## Your task:
The lines to copy run from the one containing "Triangular Green Tourmaline Slice Necklace" to the last line of the entries; output those lines exactly and only them, without pictures.

Items listed in a dataset
---+---
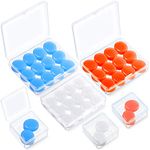 21 Pairs Ear Plugs for Sleeping Soft Reusable Moldable Silicone Earplugs Noise Cancelling Earplugs Sound Blocking Ear Plugs with Case for Swimming, Concert Airplane 32dB NRR (White, Blue, Orange)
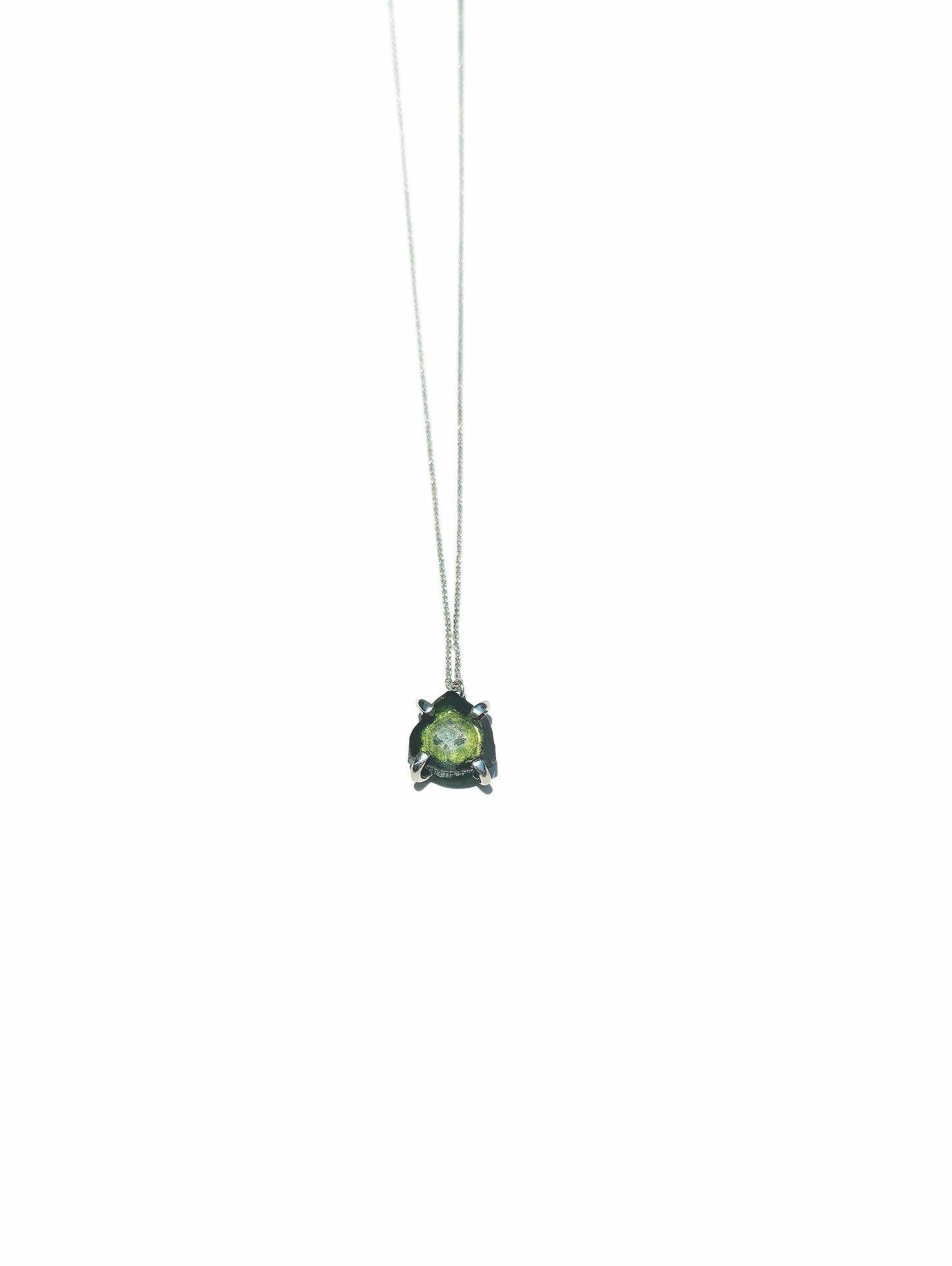 Triangular Green Tourmaline Slice Necklace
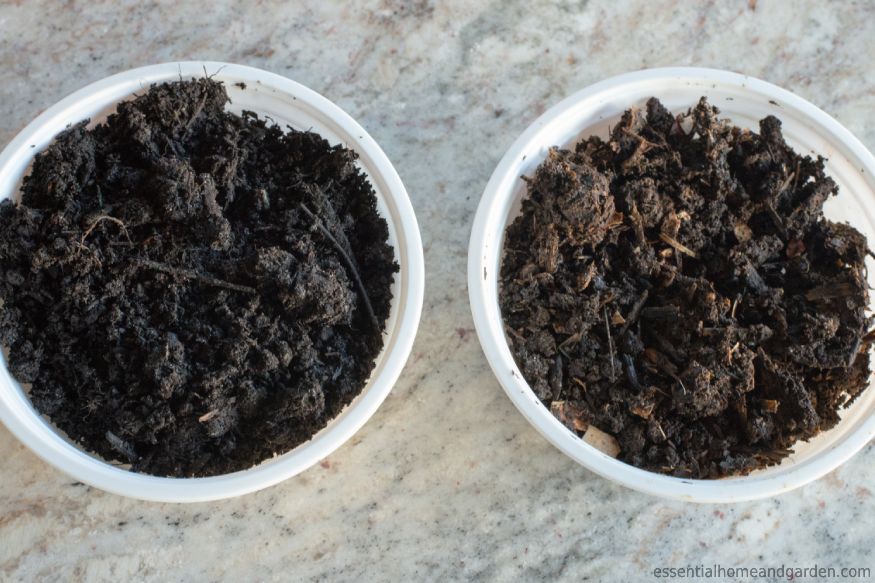 compost in plastic cups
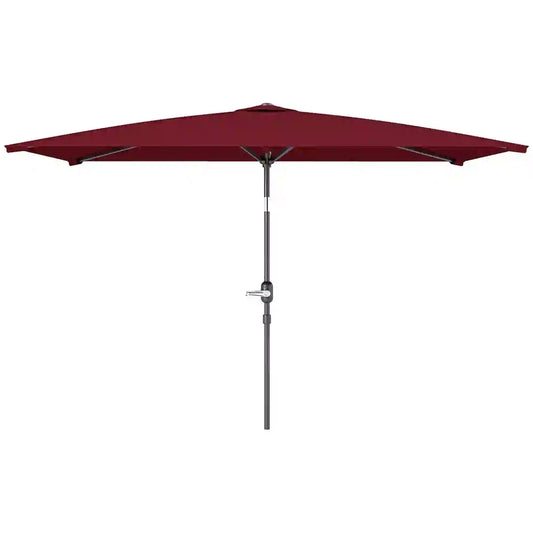 6.6x9.6ft Rectangle Aluminum Tilt Patio Umbrella, Outdoor Sunshade, Wine Red Sun Umbrellas Wine Red at Gallery Canada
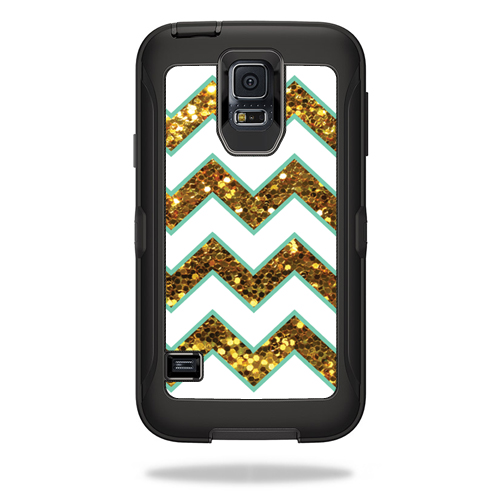 OTDSGS5-Glitter Chevron Skin for Otterbox Defender Samsung Galaxy S5 Case Wrap Cover Sticker - Glitter Chevron -  MightySkins
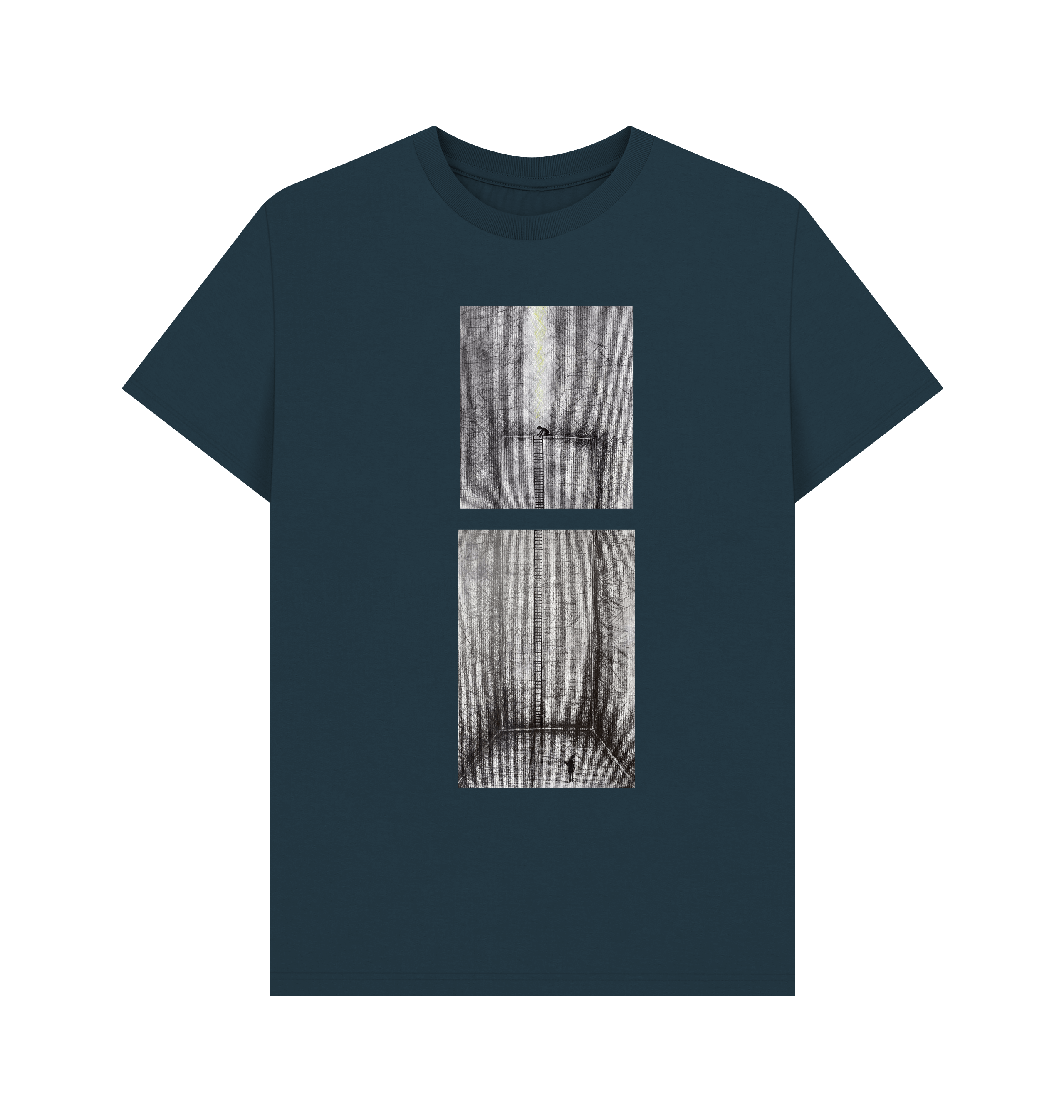 Denim Blue Printed T-shirt Front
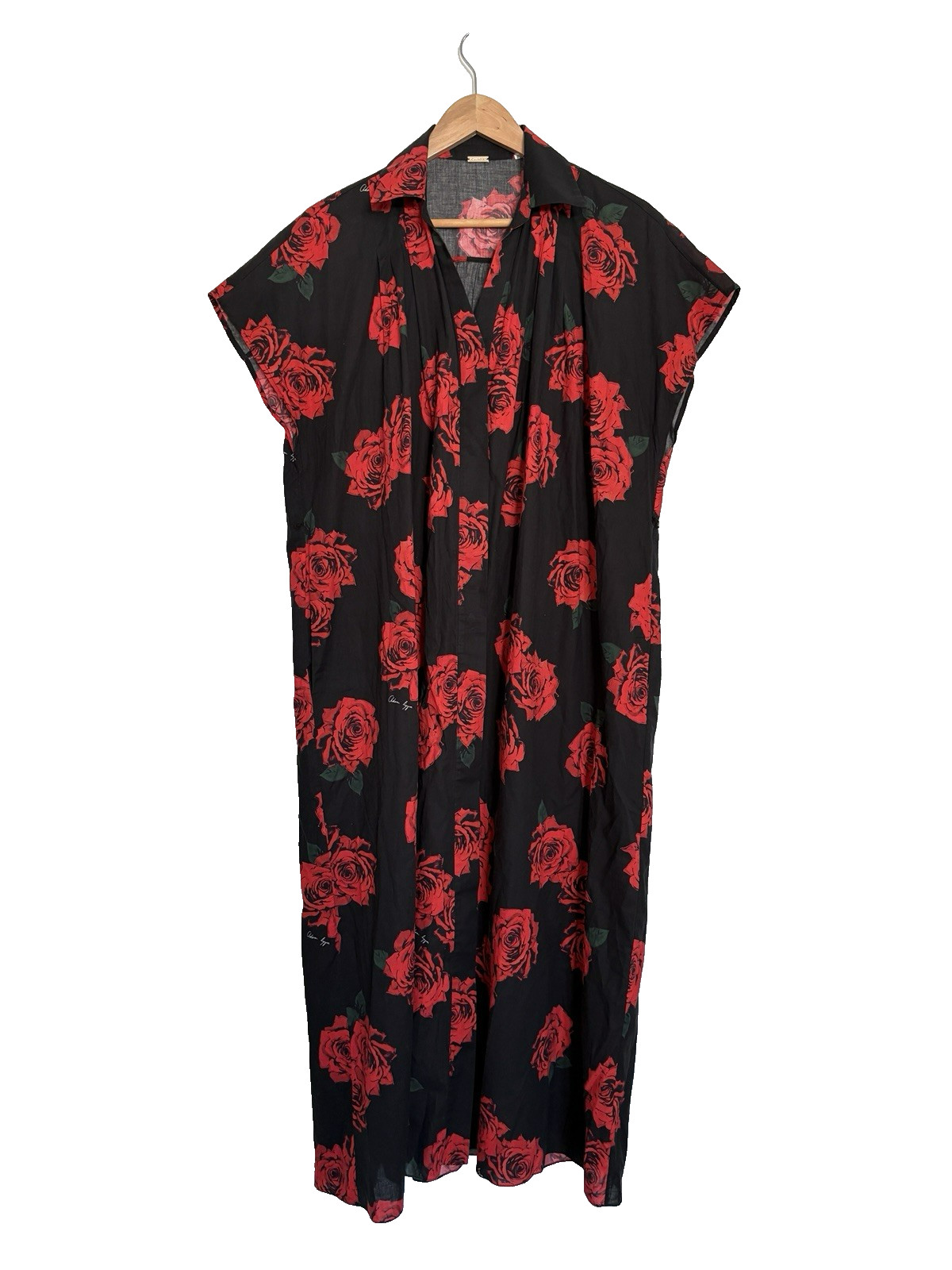 Adam Lippes Black Red Floral Rose Long Dress S Oversized Ready to Wear Luxury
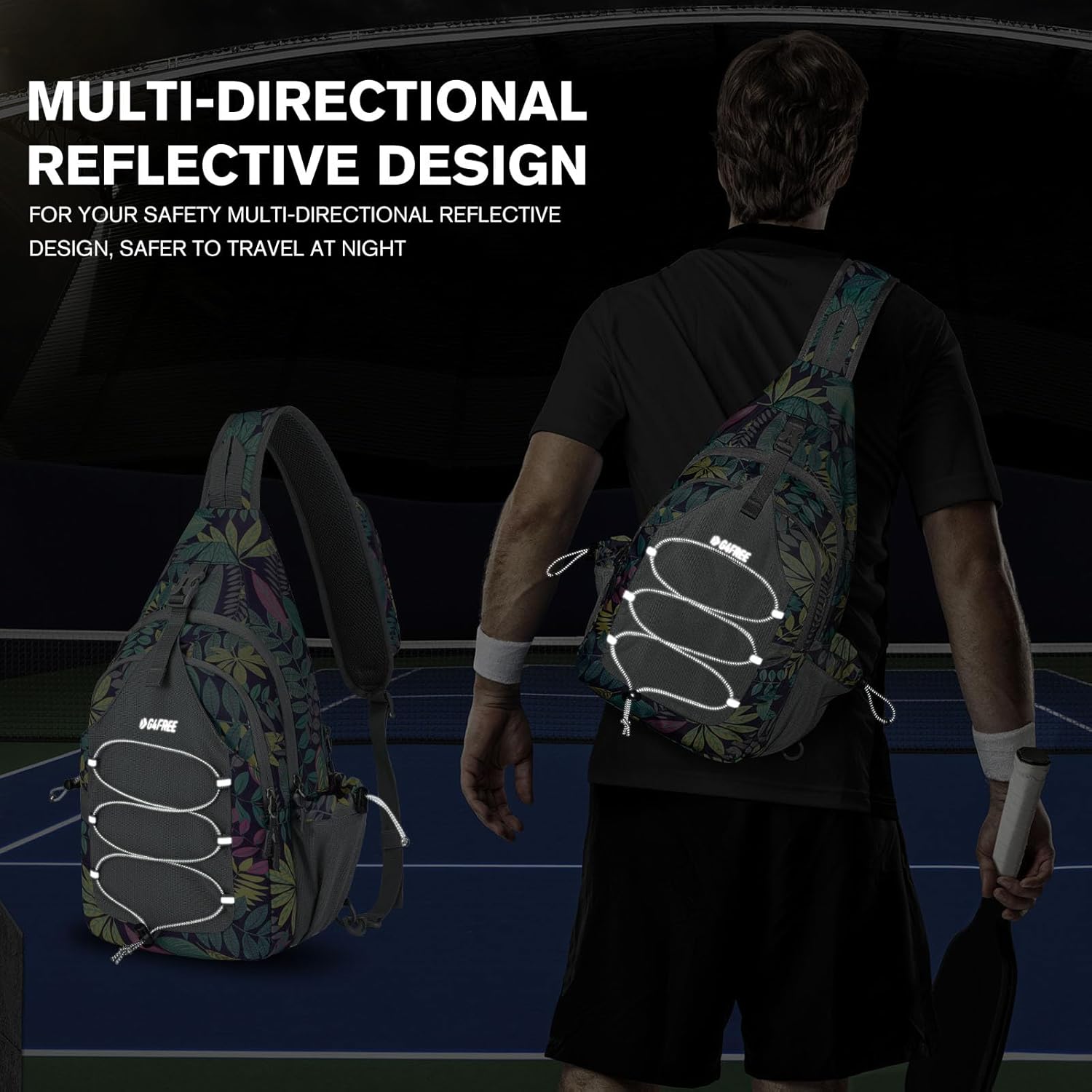 G4Free Pickleball Bag, Crossbody Sling Bag for Men Women, Pickleball Backpack, Pickle Ball Paddle Bag Gifts for Sports
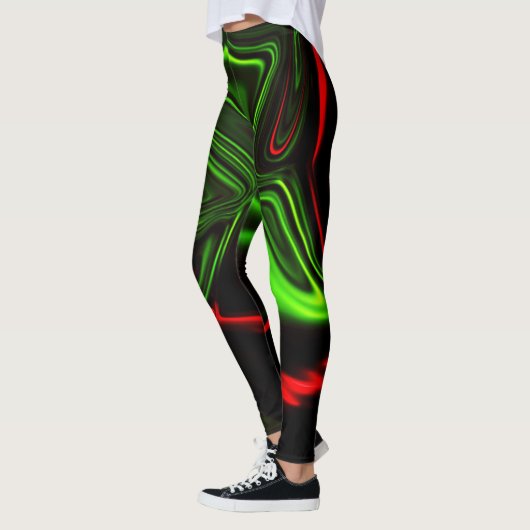Groen en rood gebogen slagen over donkergroen fond leggings (Links)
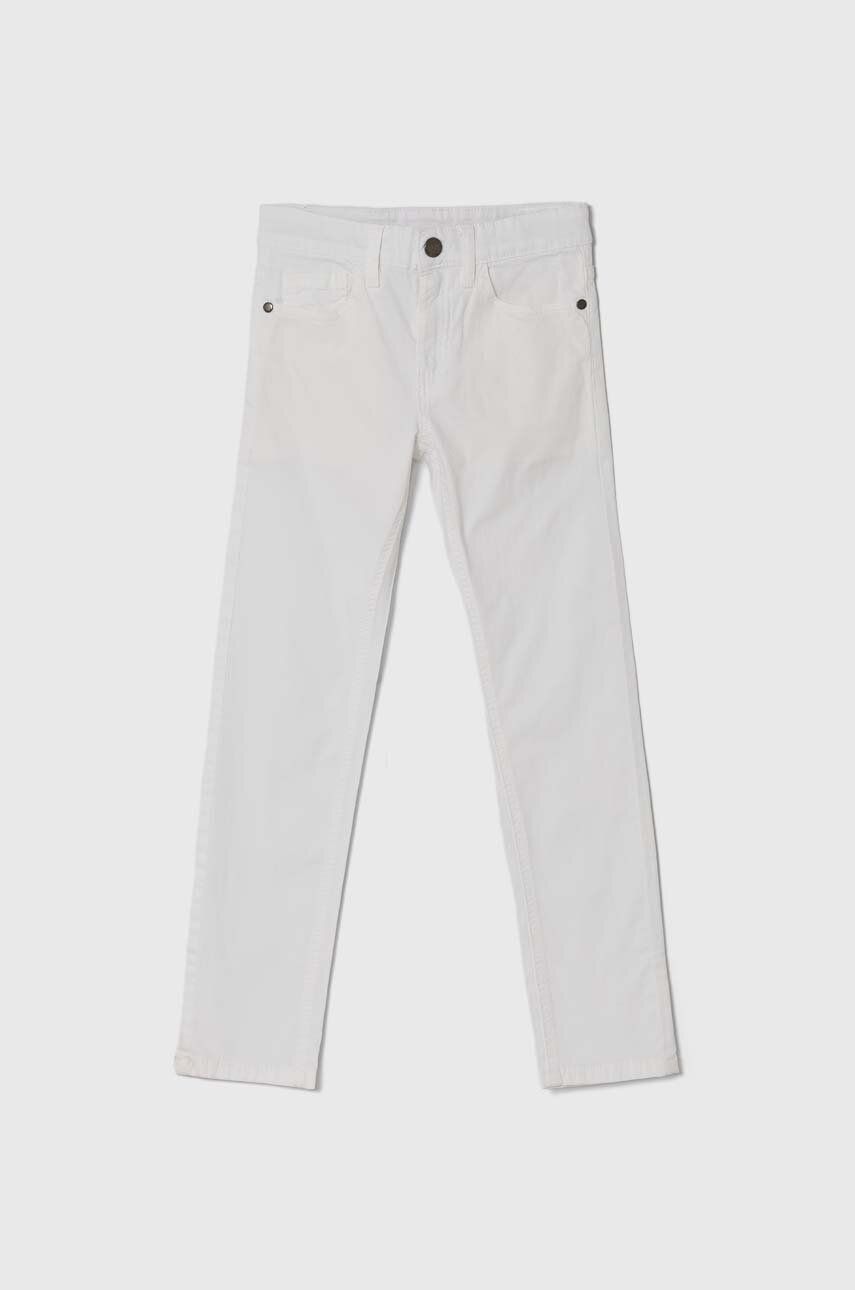 Mayoral spodnie dziecięce slim fit kolor biały gładkie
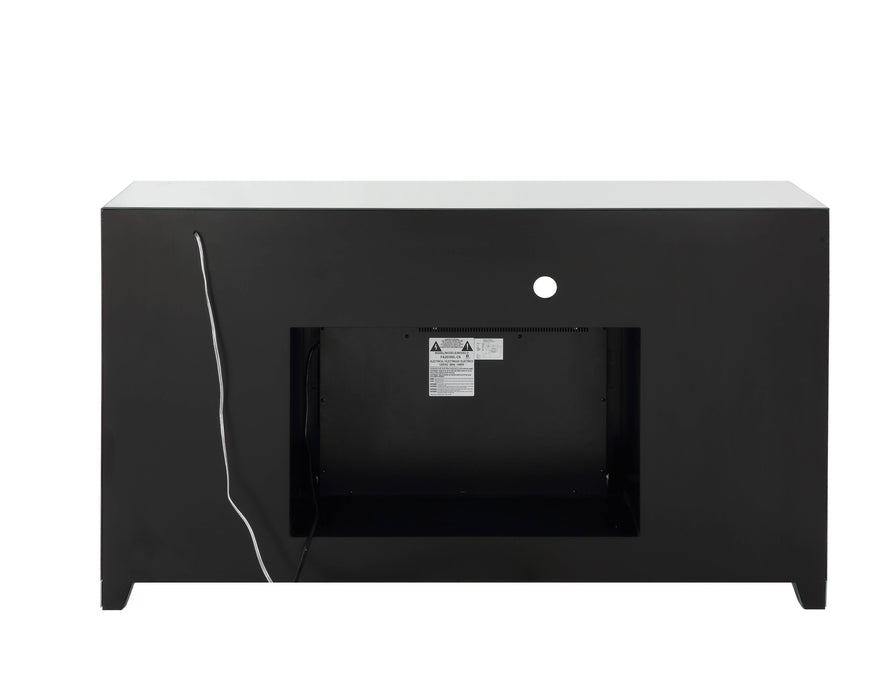 Acme Noralie TV Stand With Fireplace, Led Mirrored And Faux Diamonds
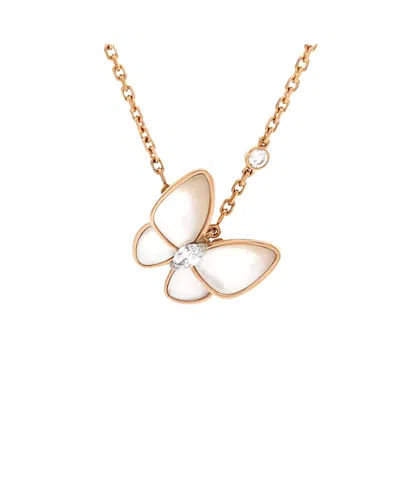 Pre-owned Pre-owned Van Cleef & Arpels  Van Cleef & Arpels Two Butterfly Pendant Necklace 18k Rose Gold With Mother Of Pearl And D In Pink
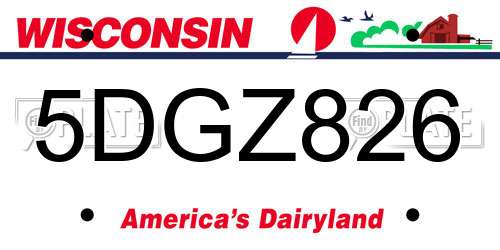 5DGZ826 Wisconsin License Plate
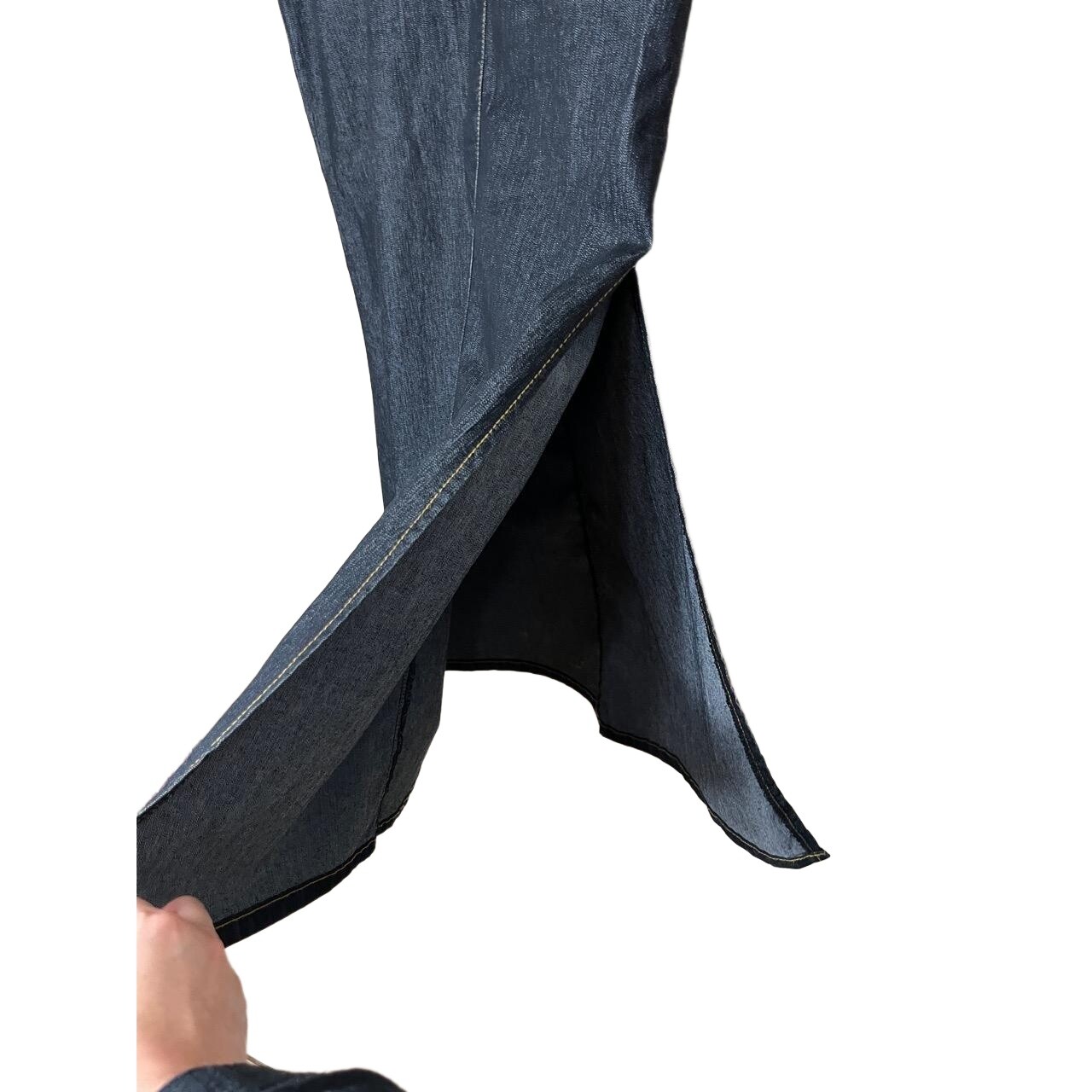 Bisou Bisou Dark Wash Contrast Stitching Maxi Length Denim Skirt Size 12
---+---
## Response to the task:
 Triangular Green Tourmaline Slice Necklace
 compost in plastic cups
 6.6x9.6ft Rectangle Aluminum Tilt Patio Umbrella, Outdoor Sunshade, Wine Red Sun Umbrellas Wine Red at Gallery Canada
 OTDSGS5-Glitter Chevron Skin for Otterbox Defender Samsung Galaxy S5 Case Wrap Cover Sticker - Glitter Chevron -  MightySkins
 Denim Blue Printed T-shirt Front
 Adam Lippes Black Red Floral Rose Long Dress S Oversized Ready to Wear Luxury
 G4Free Pickleball Bag, Crossbody Sling Bag for Men Women, Pickleball Backpack, Pickle Ball Paddle Bag Gifts for Sports
Groen en rood gebogen slagen over donkergroen fond leggings (Links)
 Mayoral spodnie dziecięce slim fit kolor biały gładkie
 Acme Noralie TV Stand With Fireplace, Led Mirrored And Faux Diamonds
 Pre-owned Pre-owned Van Cleef & Arpels  Van Cleef & Arpels Two Butterfly Pendant Necklace 18k Rose Gold With Mother Of Pearl And D In Pink
 5DGZ826 Wisconsin License Plate
 Bisou Bisou Dark Wash Contrast Stitching Maxi Length Denim Skirt Size 12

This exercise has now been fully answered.